What the task asks
In the data below, find the line containing "ta-241104.jpg" and the line containing "Mi mejor amigo - Fondo", then reproduce them and every line between, exactly. Omit pictures.

+++ Source data +++

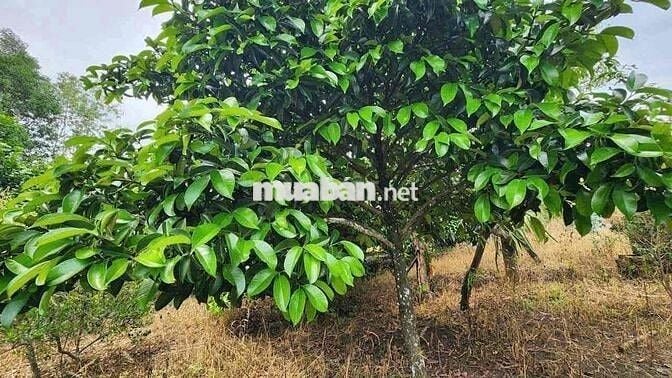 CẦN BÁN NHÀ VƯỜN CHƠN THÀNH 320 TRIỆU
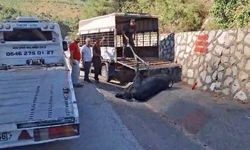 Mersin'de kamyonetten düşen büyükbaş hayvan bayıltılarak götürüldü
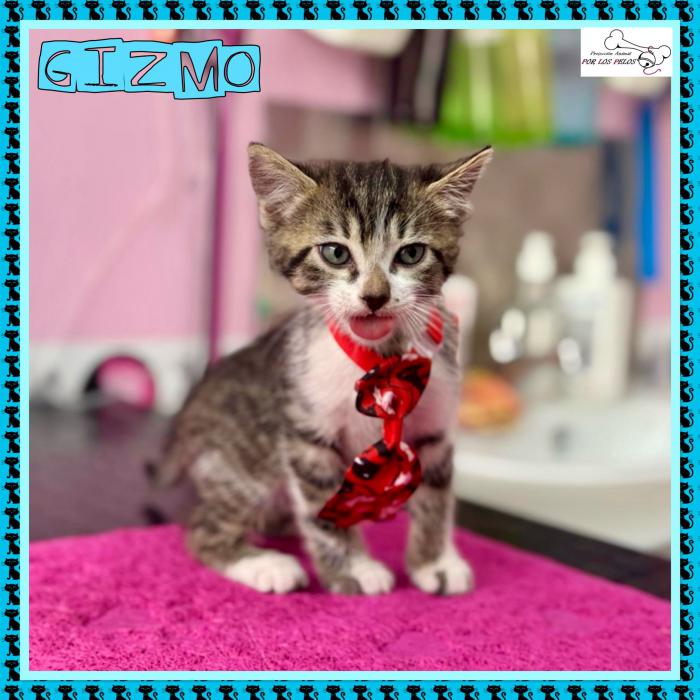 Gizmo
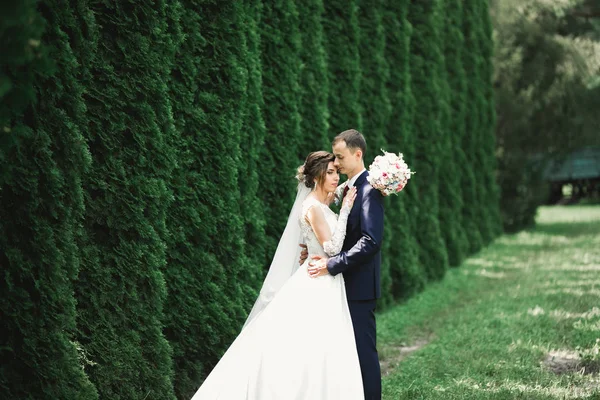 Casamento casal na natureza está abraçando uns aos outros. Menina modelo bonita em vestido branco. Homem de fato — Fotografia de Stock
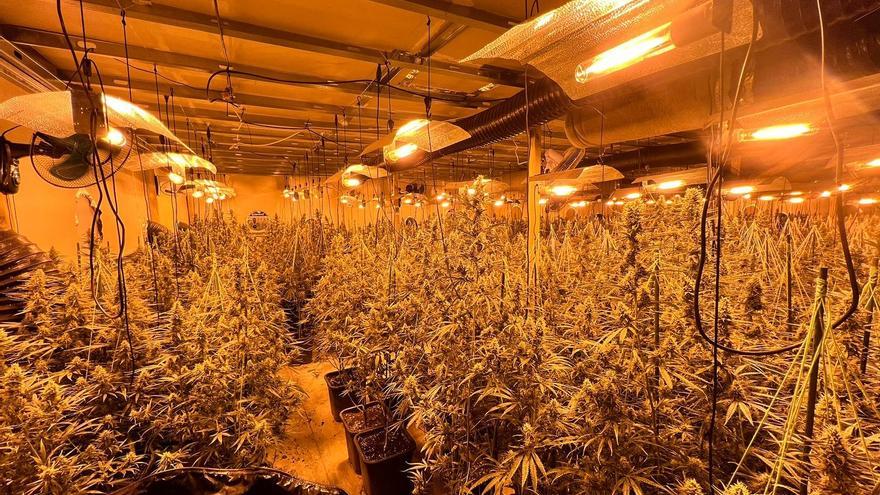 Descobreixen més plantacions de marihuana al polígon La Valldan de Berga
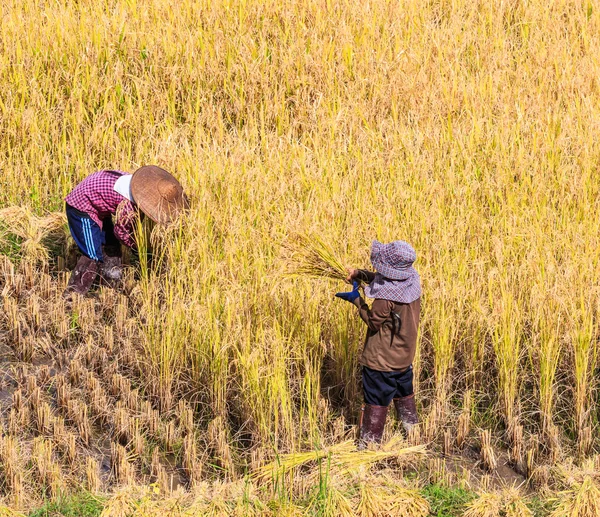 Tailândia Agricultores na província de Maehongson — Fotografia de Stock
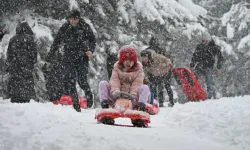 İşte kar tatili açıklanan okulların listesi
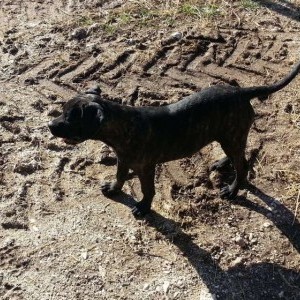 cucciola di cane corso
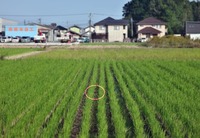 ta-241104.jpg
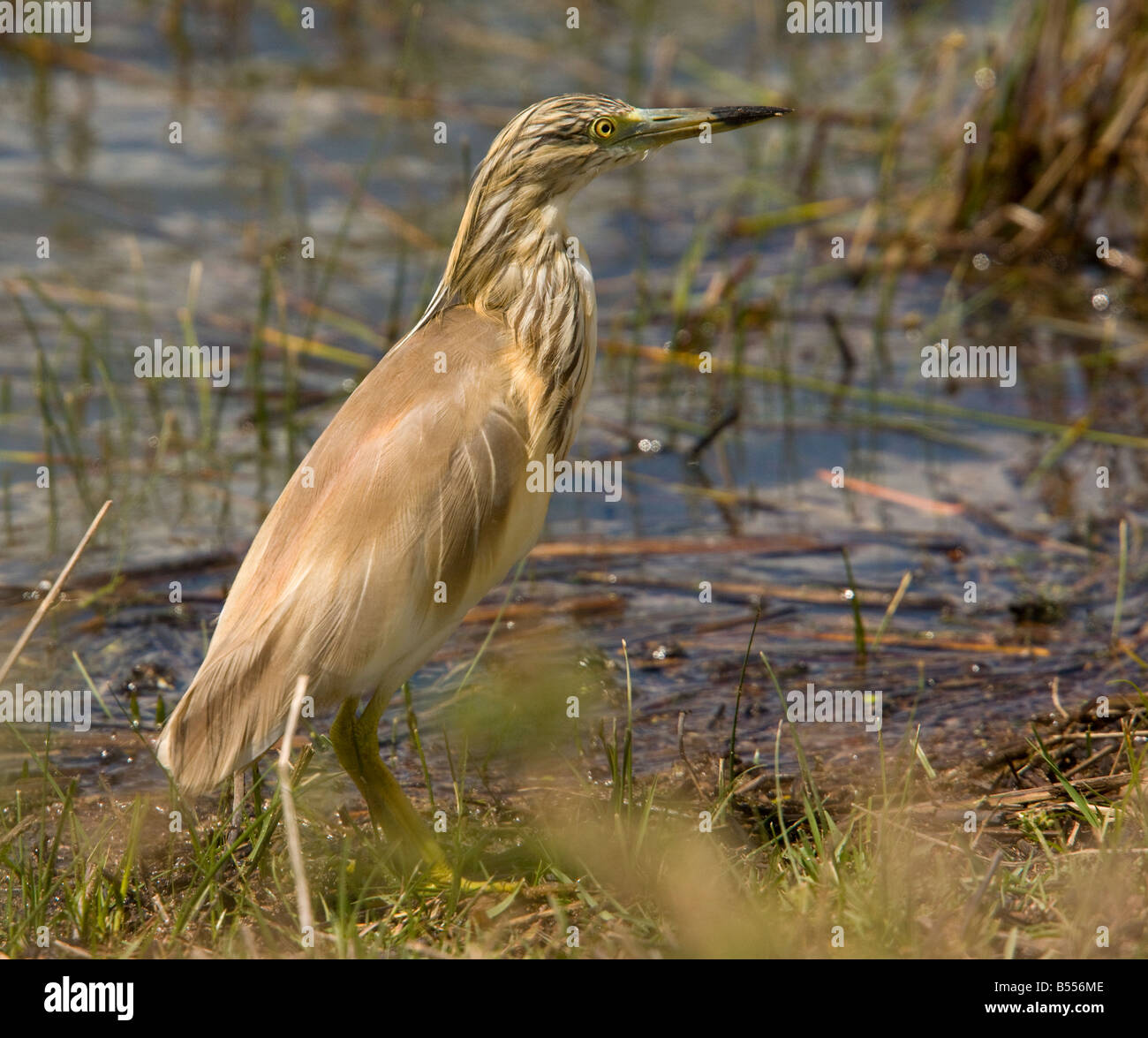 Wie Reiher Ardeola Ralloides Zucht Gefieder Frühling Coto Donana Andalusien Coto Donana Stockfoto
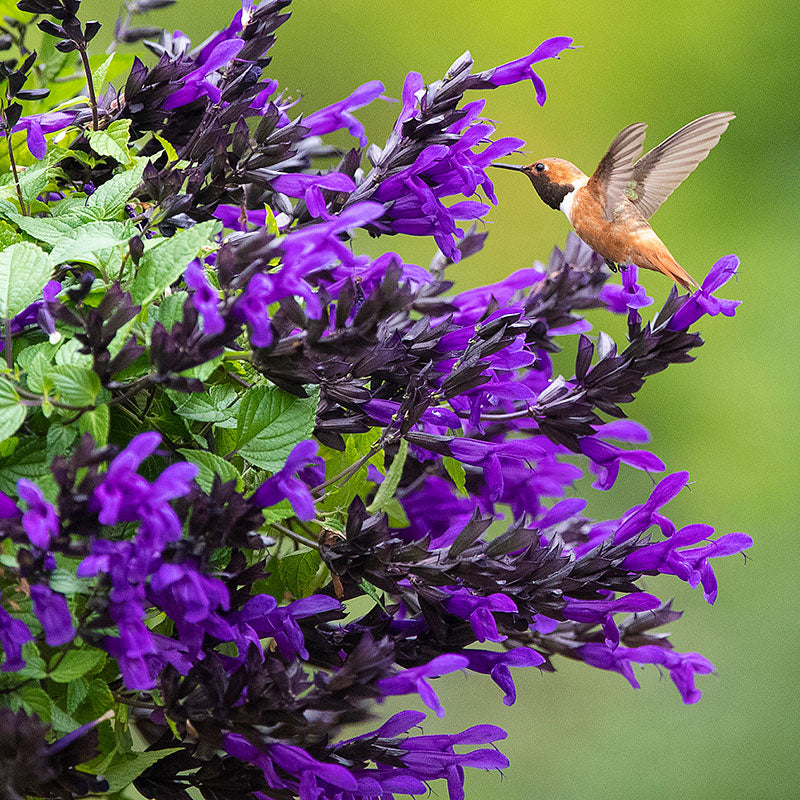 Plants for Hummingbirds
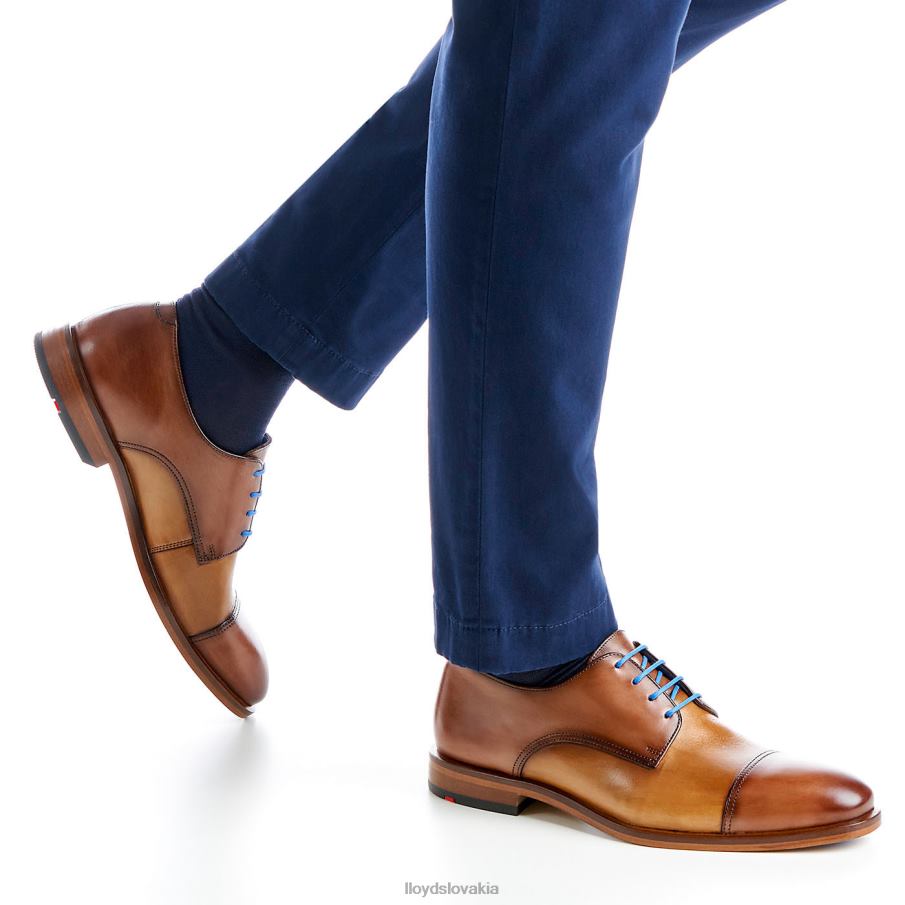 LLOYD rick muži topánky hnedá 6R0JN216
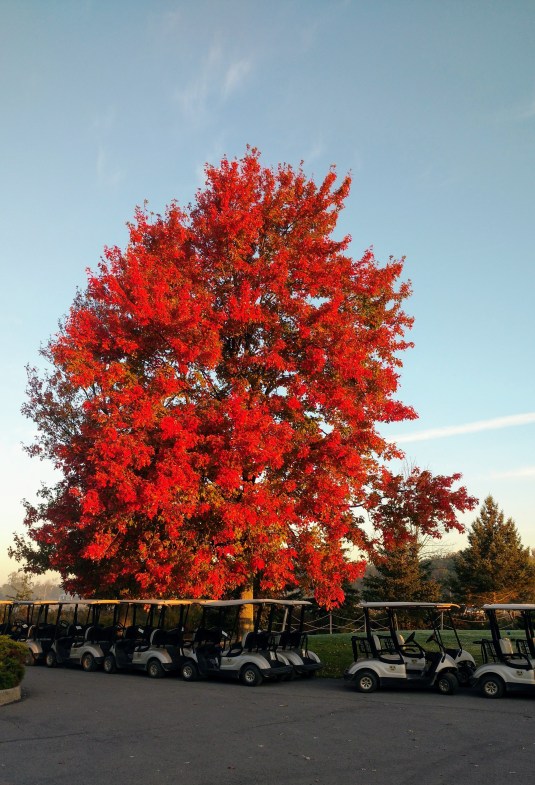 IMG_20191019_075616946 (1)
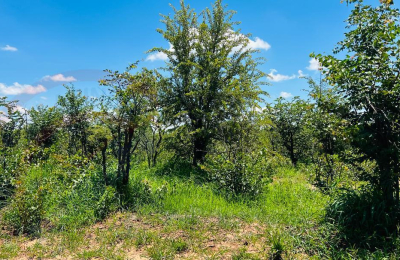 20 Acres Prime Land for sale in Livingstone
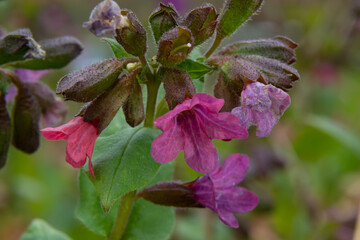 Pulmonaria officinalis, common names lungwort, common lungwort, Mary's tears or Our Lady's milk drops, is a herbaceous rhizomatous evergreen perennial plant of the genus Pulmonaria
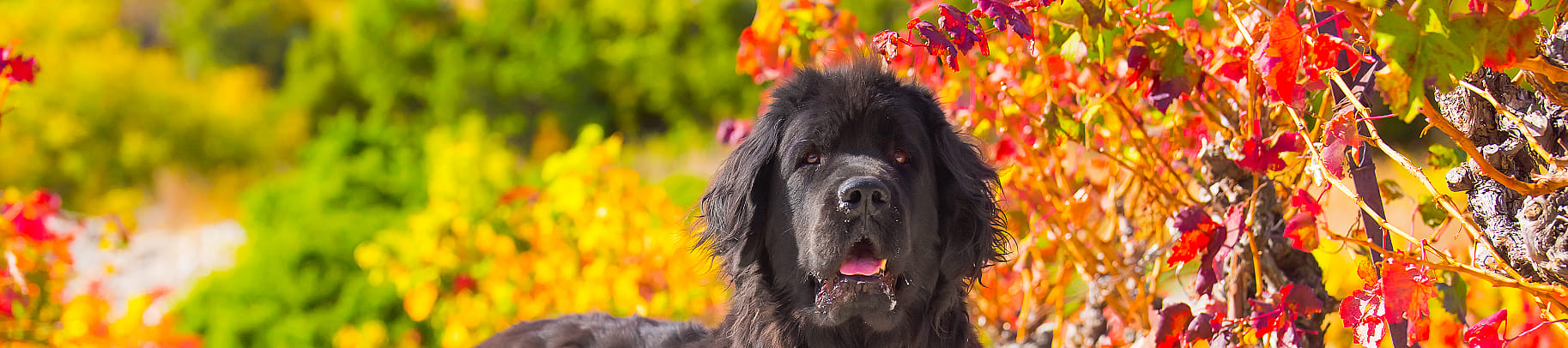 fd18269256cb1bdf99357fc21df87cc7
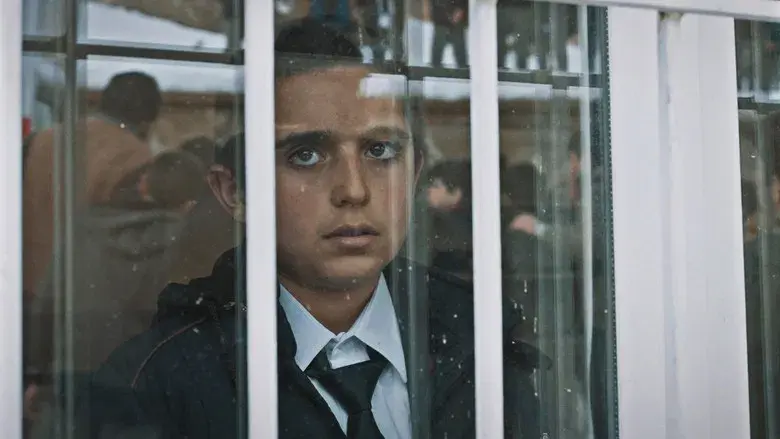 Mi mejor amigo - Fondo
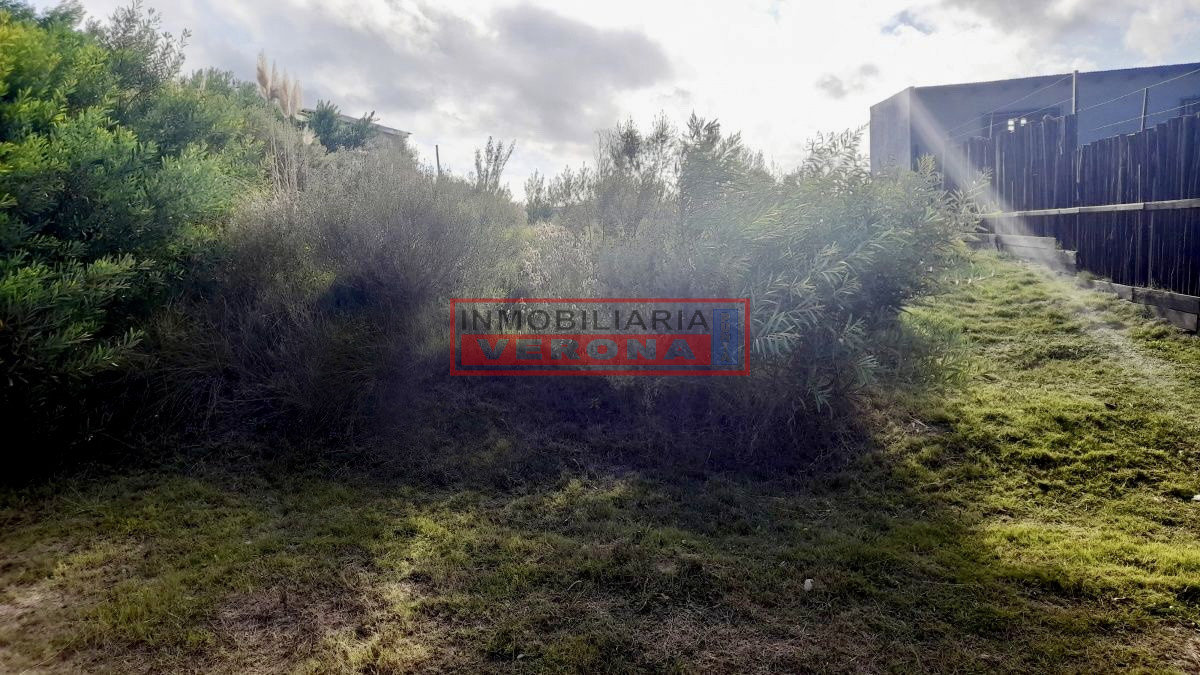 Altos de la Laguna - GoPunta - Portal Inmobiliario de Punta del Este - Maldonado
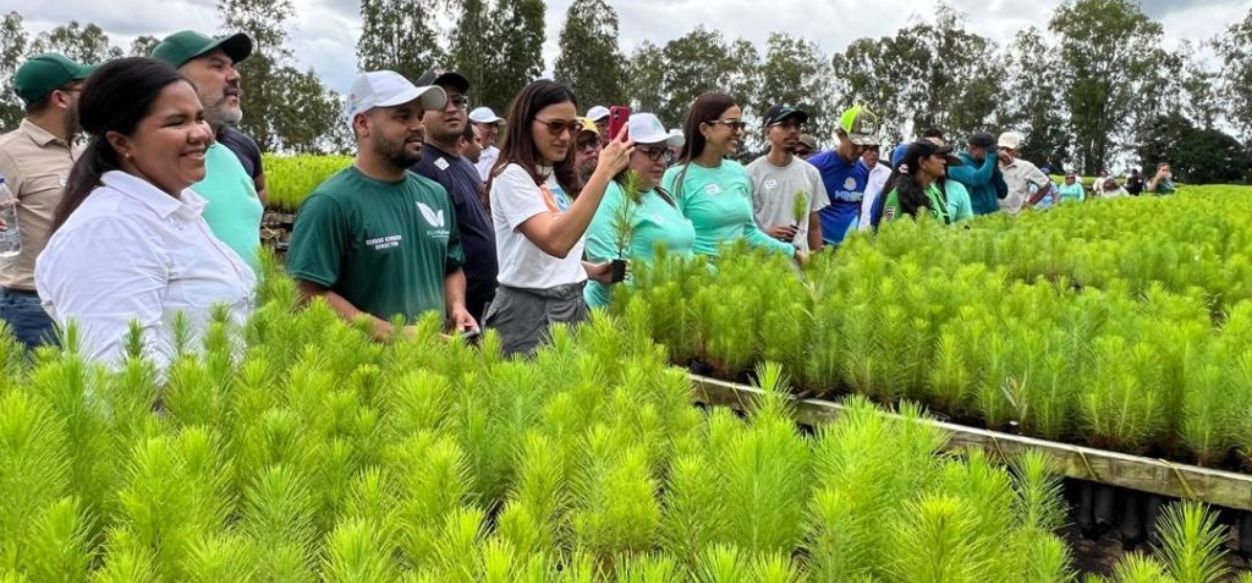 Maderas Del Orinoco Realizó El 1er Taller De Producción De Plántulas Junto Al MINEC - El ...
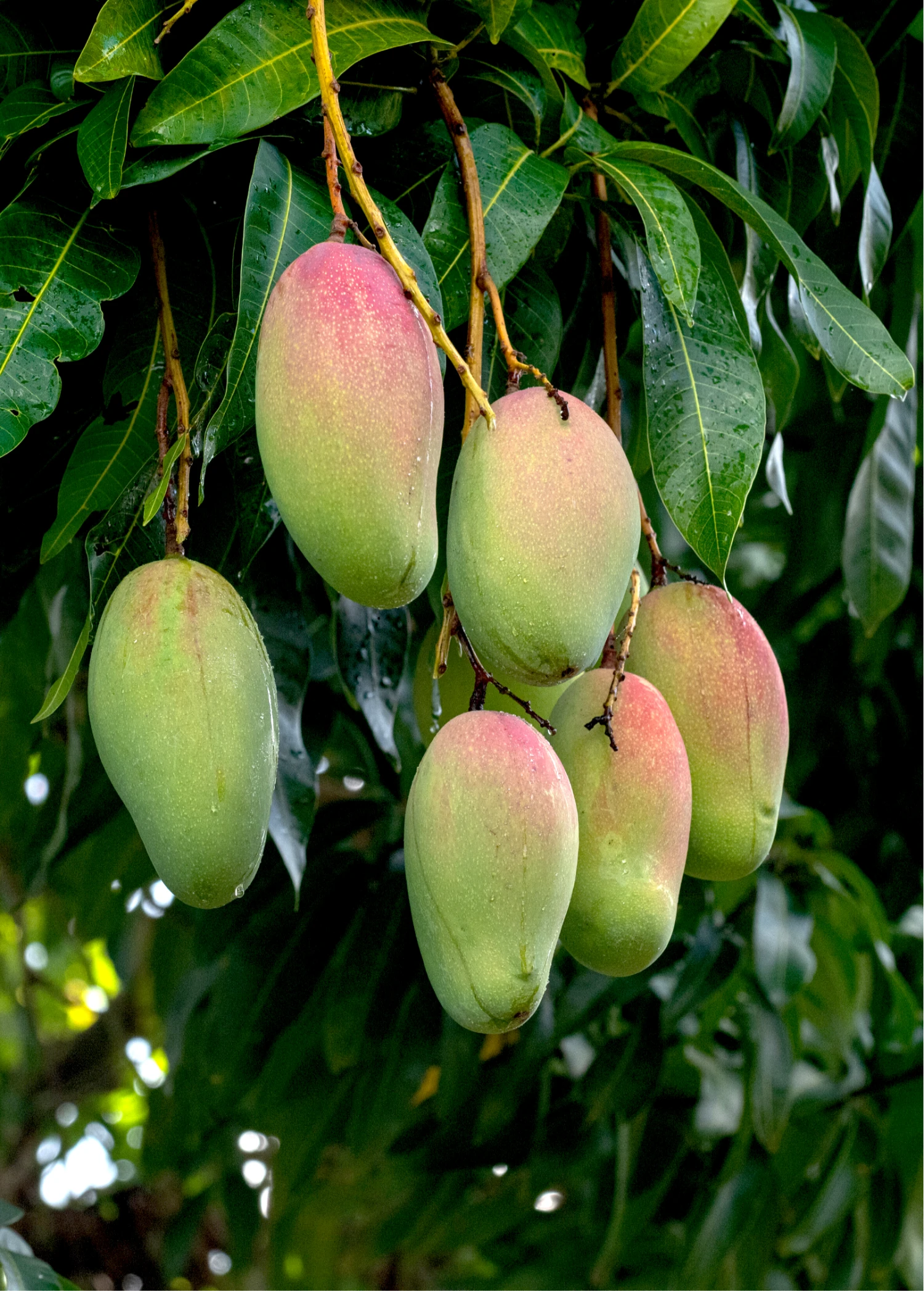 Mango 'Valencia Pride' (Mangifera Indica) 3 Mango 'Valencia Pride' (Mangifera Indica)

+++

Solution
 ta-241104.jpg
 Wie Reiher Ardeola Ralloides Zucht Gefieder Frühling Coto Donana Andalusien Coto Donana Stockfoto
 Plants for Hummingbirds
 LLOYD rick muži topánky hnedá 6R0JN216
 IMG_20191019_075616946 (1)
 20 Acres Prime Land for sale in Livingstone
 Pulmonaria officinalis, common names lungwort, common lungwort, Mary's tears or Our Lady's milk drops, is a herbaceous rhizomatous evergreen perennial plant of the genus Pulmonaria
 fd18269256cb1bdf99357fc21df87cc7
 Mi mejor amigo - Fondo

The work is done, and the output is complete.